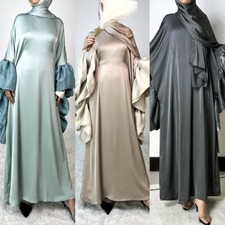 Dubai Elegant Kaftan Abaya Women Evening Long Dress Muslim Robe Party Gown Prom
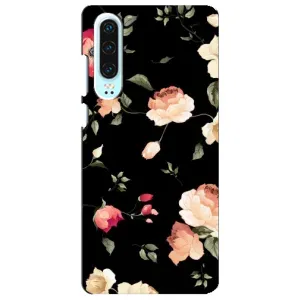 Чохли з квітами для Huawei P30 (VPrint) (Трояндочки)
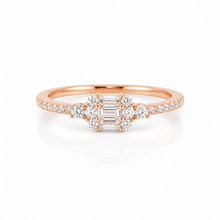 Rose Gold Emerald Cut Baguette Ring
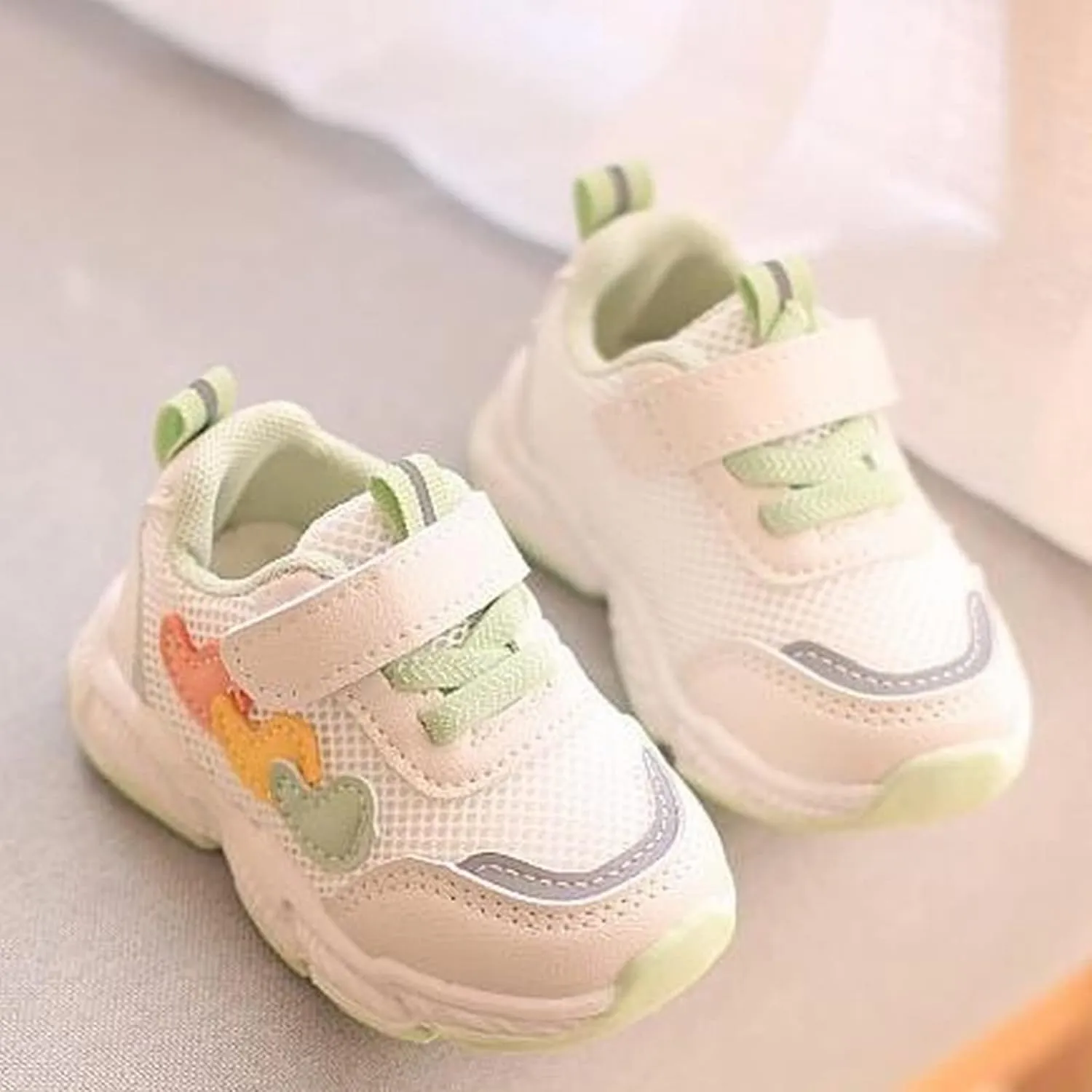 Toddler Slip On Sneakers Baby Walking Shoes Non-Slip Breathable Boys Girls Tennis Shoes Infant Running Shoes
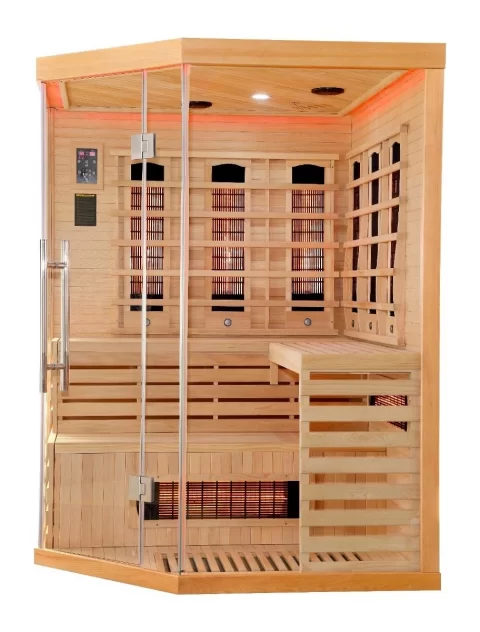 Sauna Sanotechnik Deluxe brad canadian 150x150xH200 cm cromoterapie
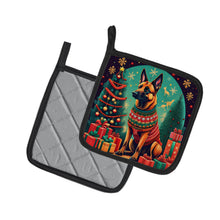 Load image into Gallery viewer, Belgian Malinois Christmas Pot Holders - Set of 2 Decorative Kitchen Helpers | Made in the USA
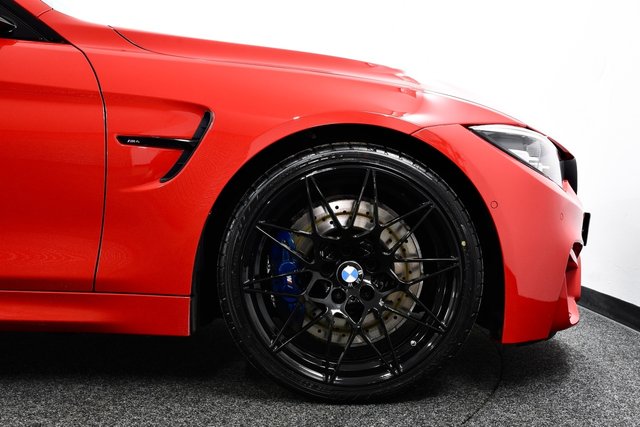USED 2019 69 BMW M4 3.0 BiTurbo GPF Competition Coupe 2dr Petrol DCT Euro 6 (s/s) (450 ps) &pound;9kExtras | HUD | Rosso | 1Off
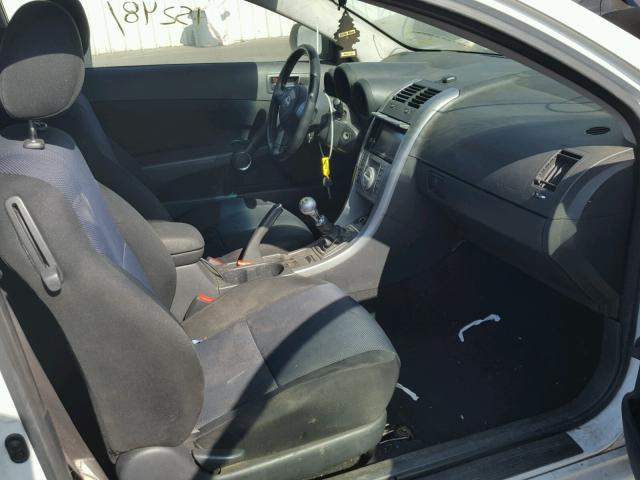 JTKDE177960110235 - 2006 TOYOTA SCION TC 白色 照片 5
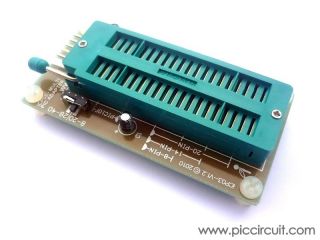 PIC programming adapter which can supports the PIC10F, PIC12F, PIC16F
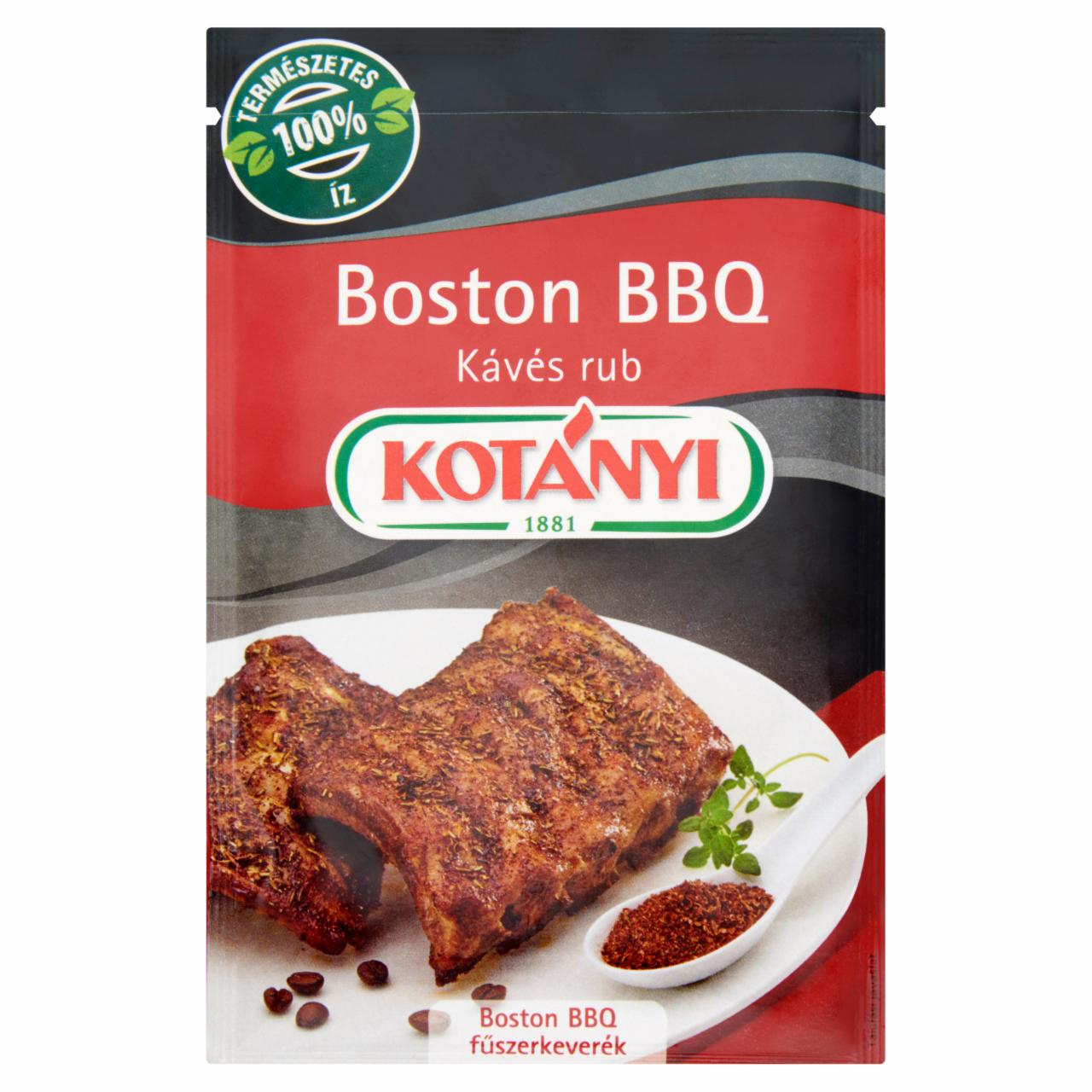 Képek - Kotányi Boston BBQ kávés rub fűszerkeverék 22 g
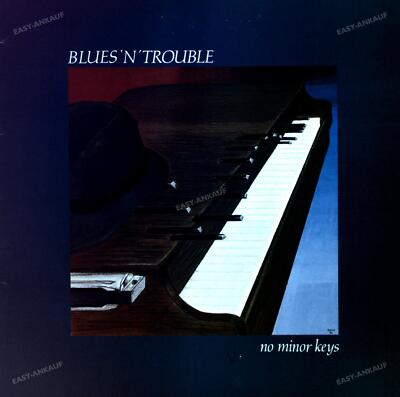 Blues 'N' Trouble - No Minor Keys LP White Vinyl (VG/VG) .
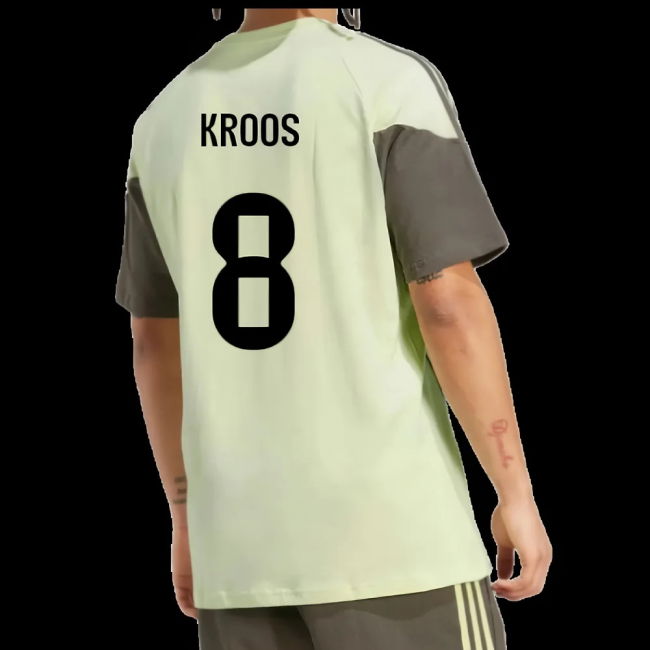 2025-2026 Real Madrid Training Tee (Almost Lime) (Kroos 8)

* _Aim of the exercise_
Print everything from the line with "Чохли з квітами" down to the line with "Sauna Sanotechnik Deluxe" in the entries above, both lines included and nothing more, without the pictures.

* _Response to this exercise_
 Чохли з квітами для Huawei P30 (VPrint) (Трояндочки)
 Rose Gold Emerald Cut Baguette Ring
 Toddler Slip On Sneakers Baby Walking Shoes Non-Slip Breathable Boys Girls Tennis Shoes Infant Running Shoes
 Sauna Sanotechnik Deluxe brad canadian 150x150xH200 cm cromoterapie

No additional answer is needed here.